深圳の日本人男児殺害で「中国の危険情報引き上げを」 松原仁氏、反日教育のリスク指摘

中国・広東省深圳の日本人学校に通う男子児童(10)が刺殺された事件を受け、松原仁元拉致問題担当相(無所属)は21日、産経新聞の取材に、政府は中国の渡航・滞在の「危険情報」を、現状のレベルゼロから引き上げるべきとの考えを示した。「中国で暮らす日本人は反日教育のリスクを抱えている。主体的にわが国が対抗できる措置にもなる」と語った。松原氏はかねて中国への渡航危険情報の引き上げを主張していた。

中国では6月にも江蘇省蘇州市でスクールバスを待つ日本人母子が刃物で切りつけられる事件が発生。
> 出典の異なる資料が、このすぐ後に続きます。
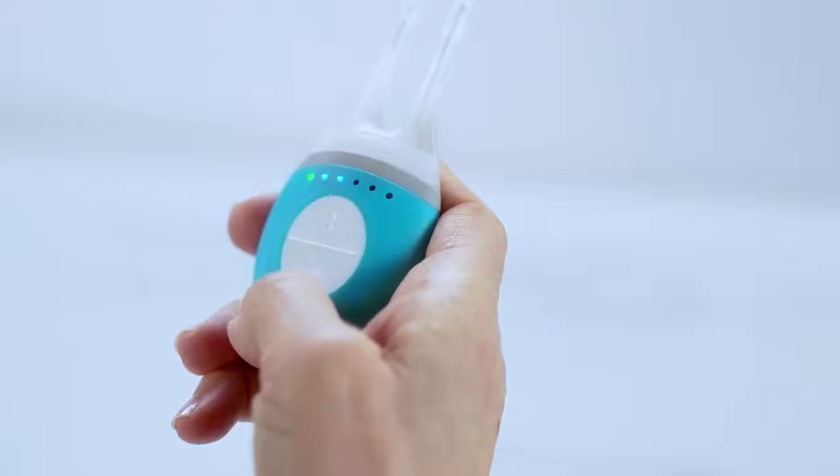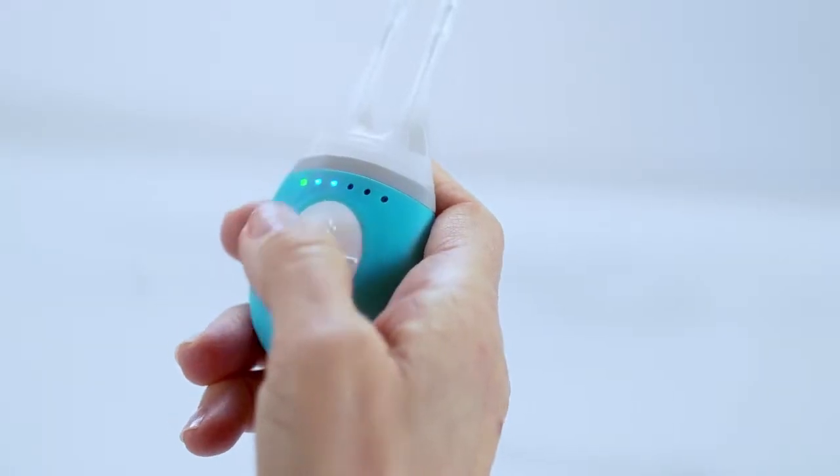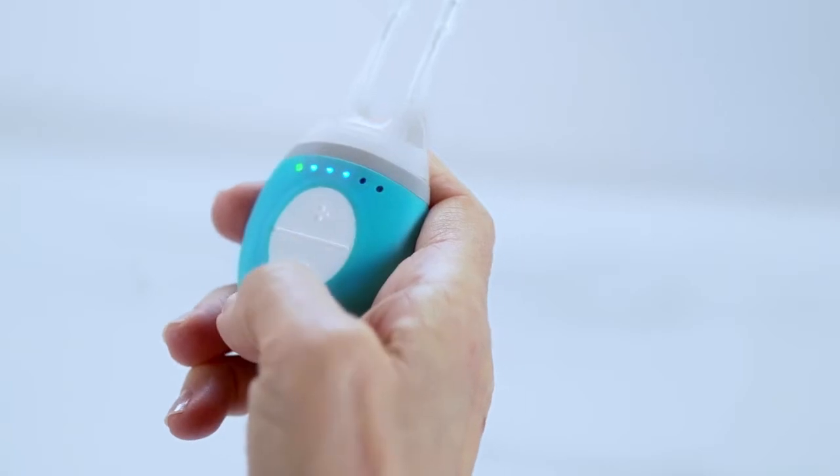If it's your first time using TrueTear, it may take a few tries to find the target tissue. If you don't experience a pulsing sensation, try increasing the strength one level at a time until you do feel it. It's common that some patients may sneeze or experience a sneezing sensation. Remove the tip from your nose at any time if you feel uncomfortable.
日本国内でも靖国神社(東京都千代田区)への相次ぐ落書き事件、NHKラジオ国際放送で中国籍の男性スタッフが尖閣諸島(沖縄県石垣市)を「中国の領土」と主張する問題などが続いている。

松原氏は一連の事件について「中国の教育現場で行われている『反日教育』に起因しているだろう。中国メディアも男児殺傷事件をほとんど報じない。『愛国無罪』といわんばかりだ」と指摘。こうした事情を、日本が渡航危険情報を引き上げる理由に挙げることで、習近平体制に対応の改善を促すべきとの考えも示した。
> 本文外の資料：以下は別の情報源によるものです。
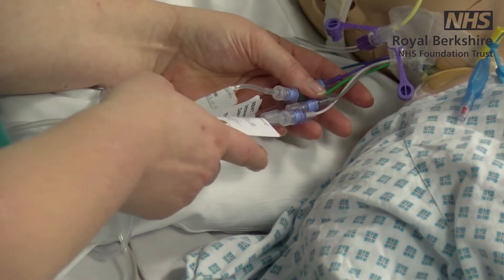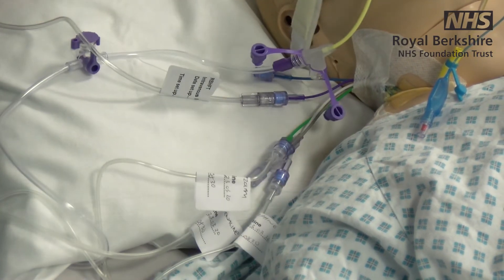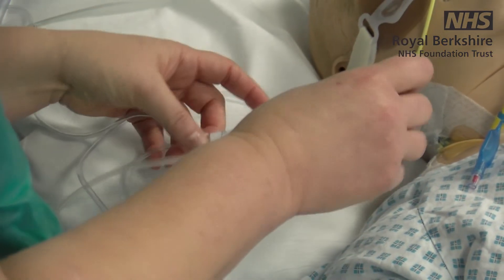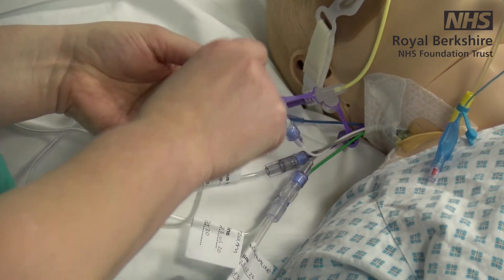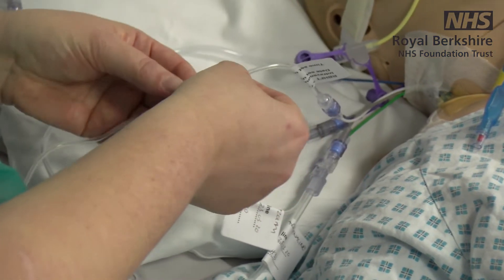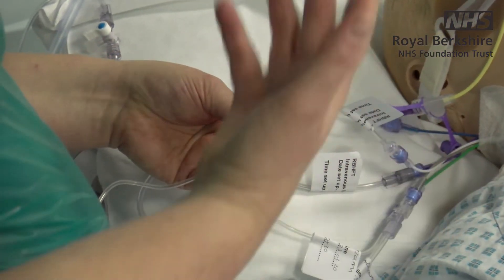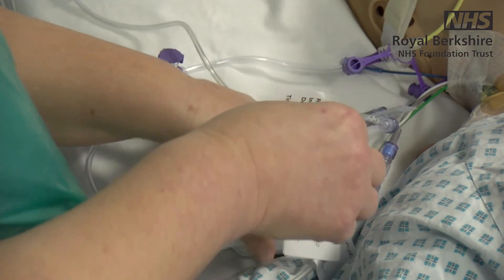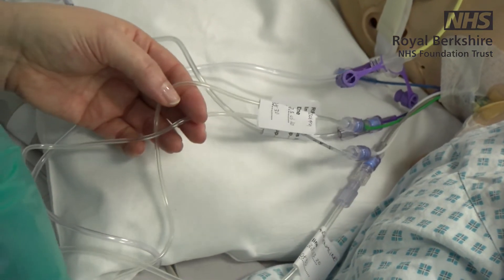It's changed a lot from when I started in intensive care — we used to have lots of three-way taps in a little row, but very few places use those anymore. We will label all our lines with the date and time they were started, which guides you from an infection control perspective on when to change them, and we'll also often label which drugs are running on each line. In an emergency you need to quickly identify which line is which, because many of these patients will be on more than two or three infusions depending on how unwell they are.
男児が犠牲になったことについては、「10歳の幼さで命を失ったことは無念だ。反日教育による国家テロの悲惨な犠牲者といえる」と述べ、「最低限でも渡航レベルを引き上げないと、国家としての姿勢を見失っているといわざるを得ない」と強調した。

松原氏は昨年5月、衆院外務委員会で林芳正外相(当時)に対し、中国で反スパイ法違反容疑などで拘束される邦人が相次いでいることを受け、「中国全域は少なくとも渡航危険リスクをレベル1にすべき」と主張したが、結果的に対応が見送られていた。
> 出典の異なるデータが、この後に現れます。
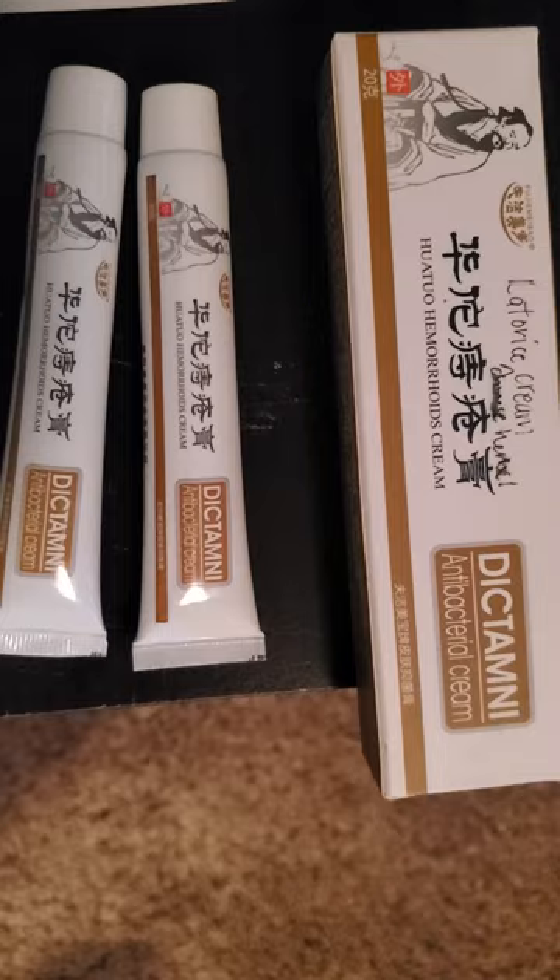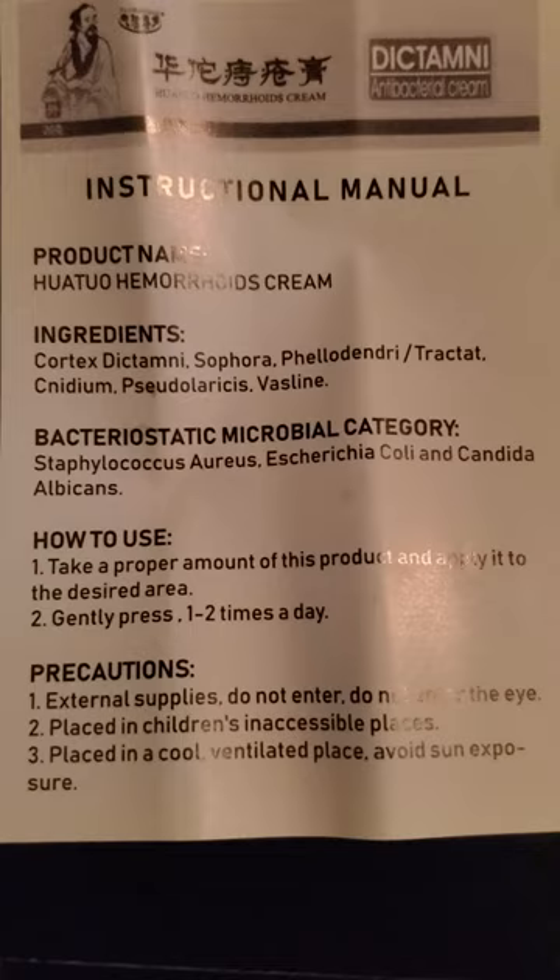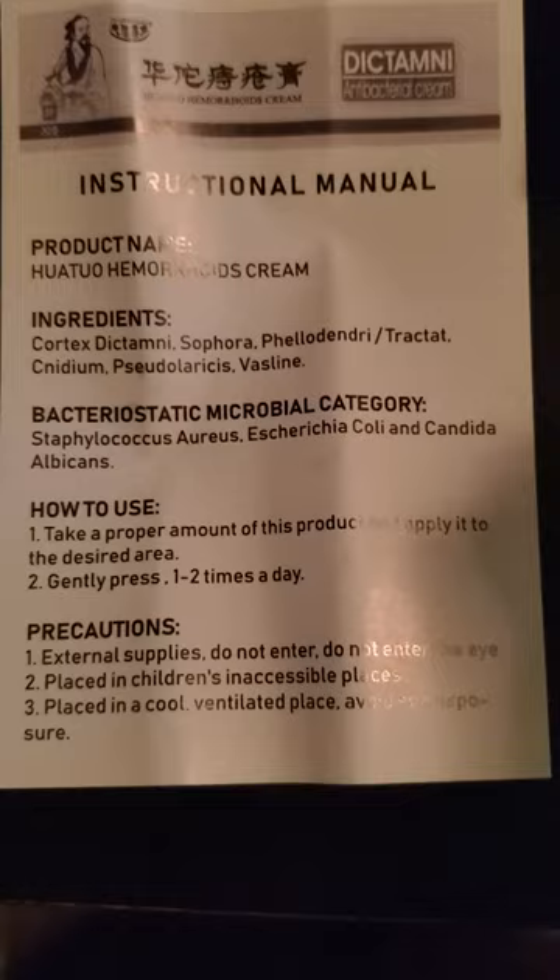I did do a lot of thorough research. All of these ingredients are natural — they are natural herbalistic ingredients. They heal inflammation and any kind of bacterial issue you're suffering with. The base cream that's in there is Vaseline, so that's pretty safe as well. I put it on myself to make sure I didn't have an allergic reaction.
外務省によると、危険情報は渡航・滞在に当たり特に注意が必要な国・地域について発表する情報で、レベル1「十分注意」からレベル2「不要不急の渡航自粛」、レベル3「渡航中止勧告」、レベル4「退避勧告」まで計4段階ある。

中国の危険度は、新疆ウイグル、チベット両自治区を除き「レベルゼロ」で、外務省は「現段階で見直しの検討はしていない」という。インド全土はレベル1以上、ロシアはレベル2となっている。